Le Numéro 7, de Martin Winckler

J’ai beaucoup bouquiné ces derniers temps (comme d’habitude, mais j’ai l’impression que c’est pire ces temps-ci)… faudra que j’en cause à l’occasion avant d’avoir tout oublié 🙂 (Faites-moi penser à vous parler des Chroniques de San Francisco un de ces quatre).

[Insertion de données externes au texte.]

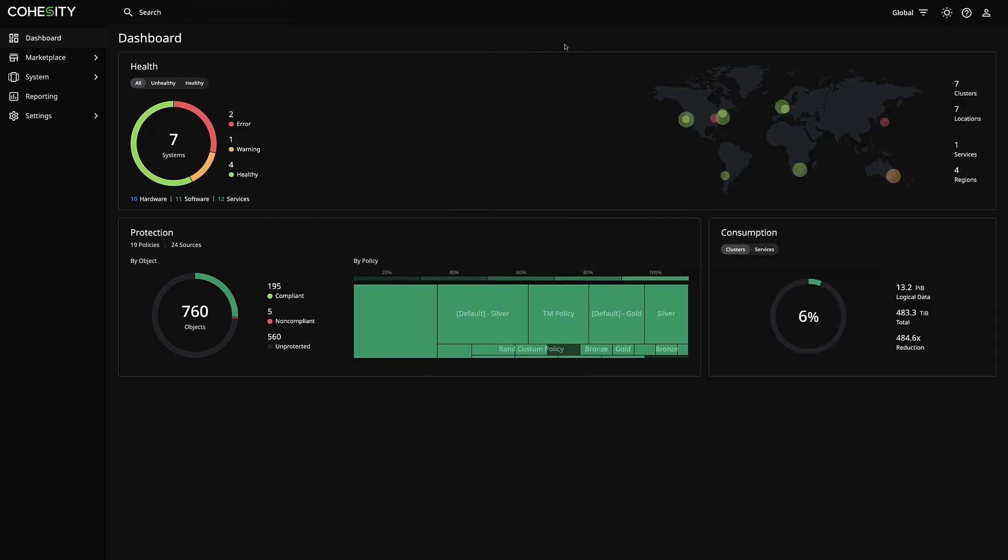Hey everyone, thanks for checking out this video on the Cohesity YouTube channel. My name is Chris Colati and I'm a Field CTO here at Cohesity. What I want to do is show you today our new Site Continuity DR Runbook workflow product.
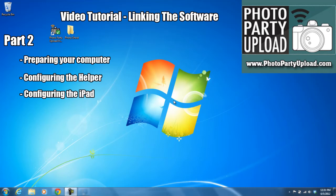This is part two of the Photo Party Upload video tutorial. We will be preparing our computers, configuring the helper, and configuring the iPad.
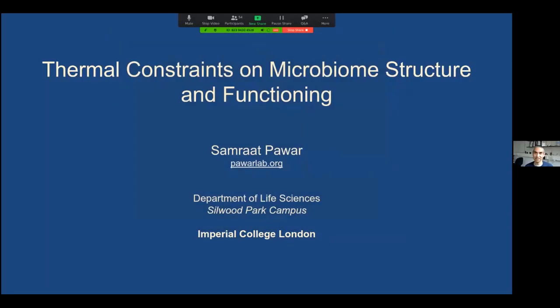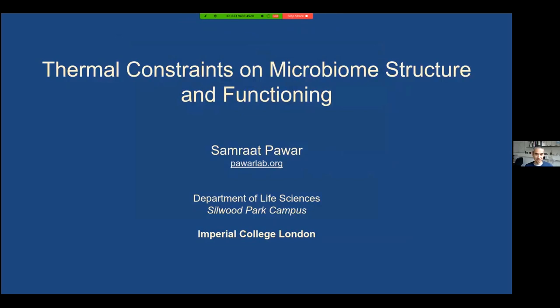Hello, I'm going to share my screen. You should be able to see that. Hello everybody — this is really exciting; I've been watching these Ecology Live talks and I'm very excited to have the opportunity to speak here. I'm going to talk today about temperature and how it affects microbiome structure and functioning.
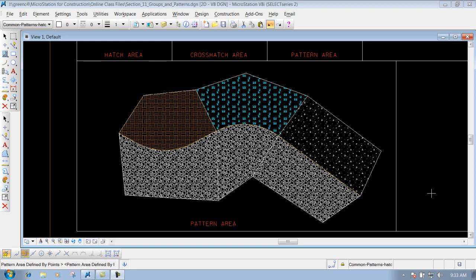Match pattern attributes. This is a good tool if you already have a pattern that's placed out there and you want to utilize that pattern somewhere else.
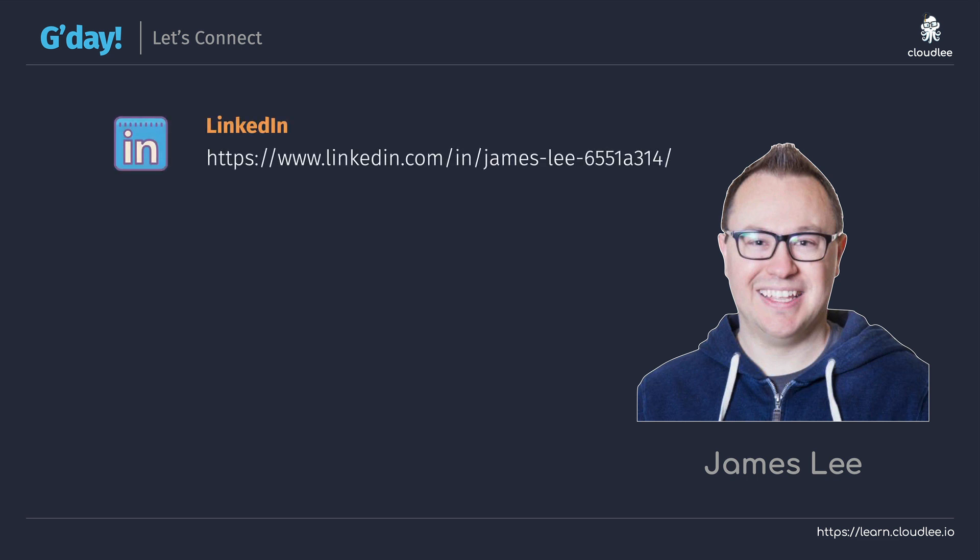I am available on LinkedIn and yes I definitely encourage you to connect with me, to follow if you'd like to learn more about all of the different content that I'm creating. Also if you have any technical questions or if you're seeking some career advice, I love talking to students so feel free to reach out to me.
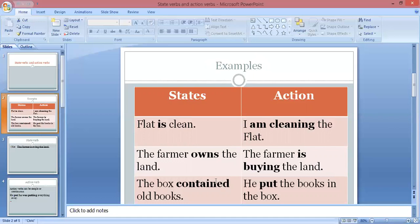Now let's see examples of action verbs. The first example is 'I am cleaning the flat' — 'I' is the subject and performs the action of cleaning. Another example is 'the farmer is buying the land' — the farmer is a person performing the action of buying. The next example is 'he put the books in the box' — he is the person performing the action of putting the books into the box. In all these sentences, something is happening — there is an action.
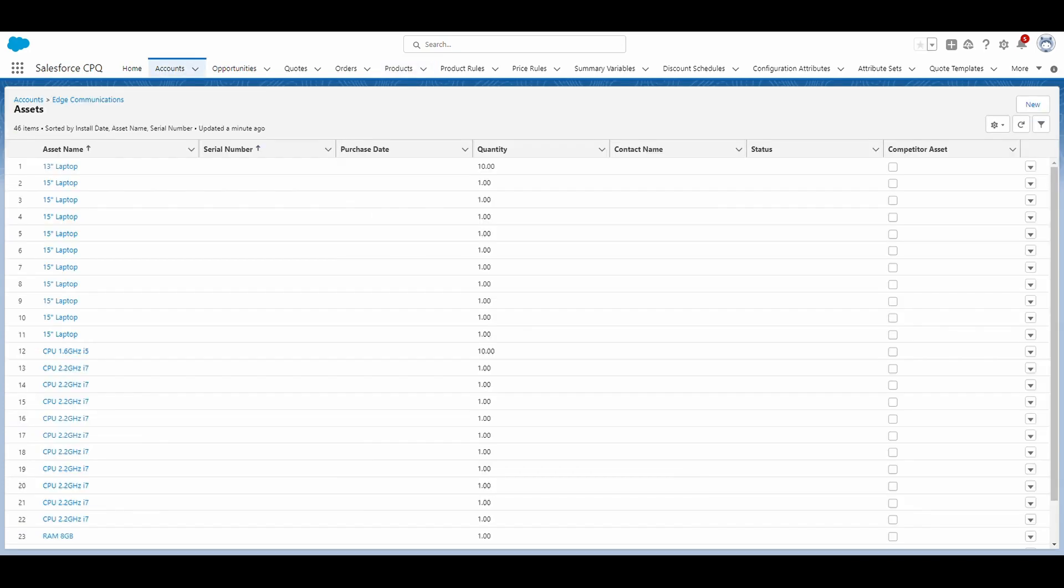But for our 15-inch laptop product, you'll see that this product was converted into 10 individual assets with a quantity of one. So understanding how the different values in the asset conversion field function is extremely important for success on the exam.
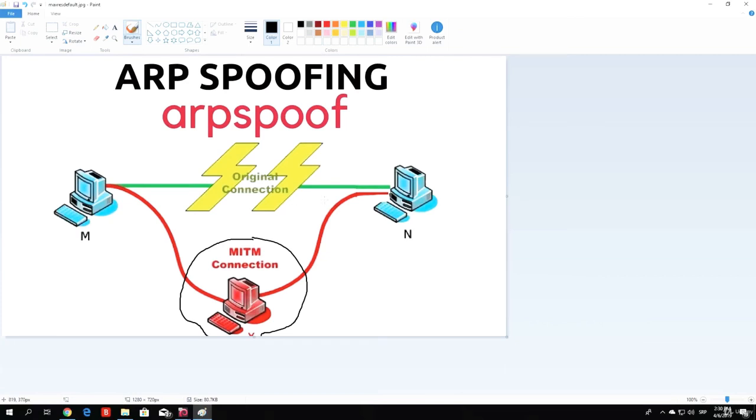The basics behind this is that there is a packet called the ARP packet, which allows the users on the network, and by the users I mean the machines, to identify one another.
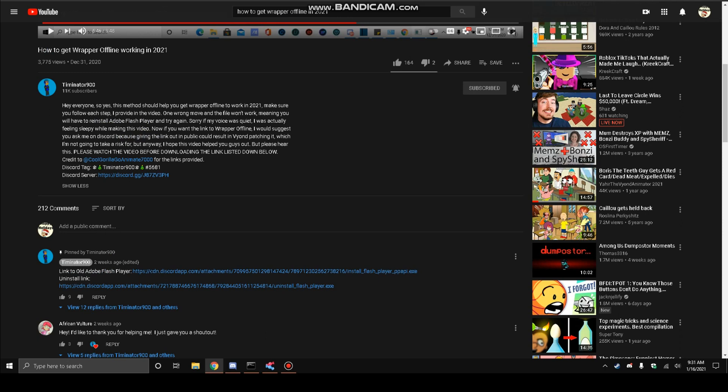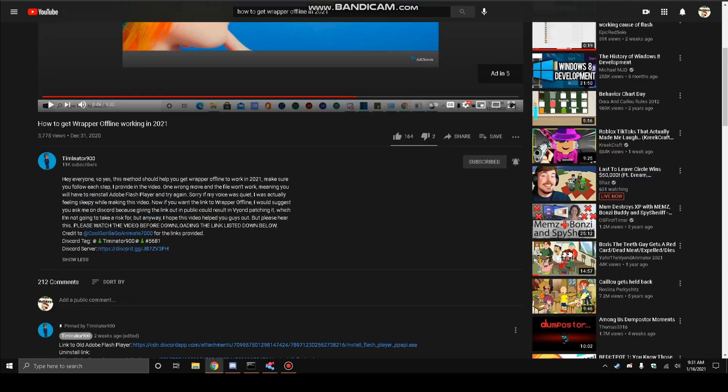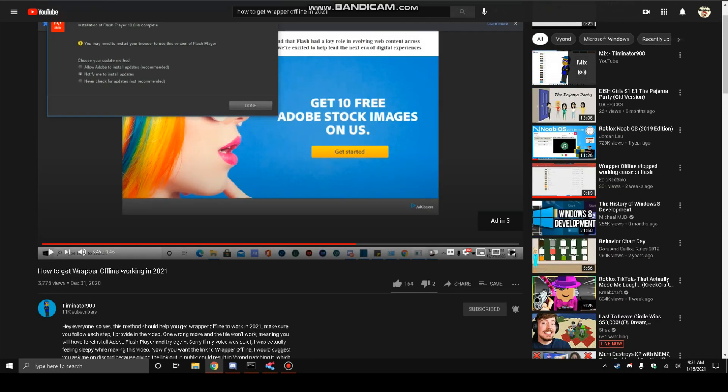But anyway, I hope this video helped you guys out, but please hear this. Please watch the video before downloading the link listed down below. Credit to cool gorilla go animate 7000 for the links provided. Yeah, so yeah, this is timidair's news video I've had it, comedy or like rapper offline in 2021 after the end of Adobe Flash Player.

Et là, ce matin j’ai commencé Le Numéro 7 de Martin Winckler (j’adore Martin Winckler, j’vous l’avais déjà dit non ? O:-) ). Pis je l’ai fini ce soir en rentrant. (Je lis vite.)

J’ai pas envie d’en dire beaucoup plus que ce qu’en dit l’auteur… (J’ai été tentée de recopier ici, mais bon, ça s’impose pas franchement, en fait.) Et oui, ya effectivement plusieurs hélicoptères. Et un pestacle de magie.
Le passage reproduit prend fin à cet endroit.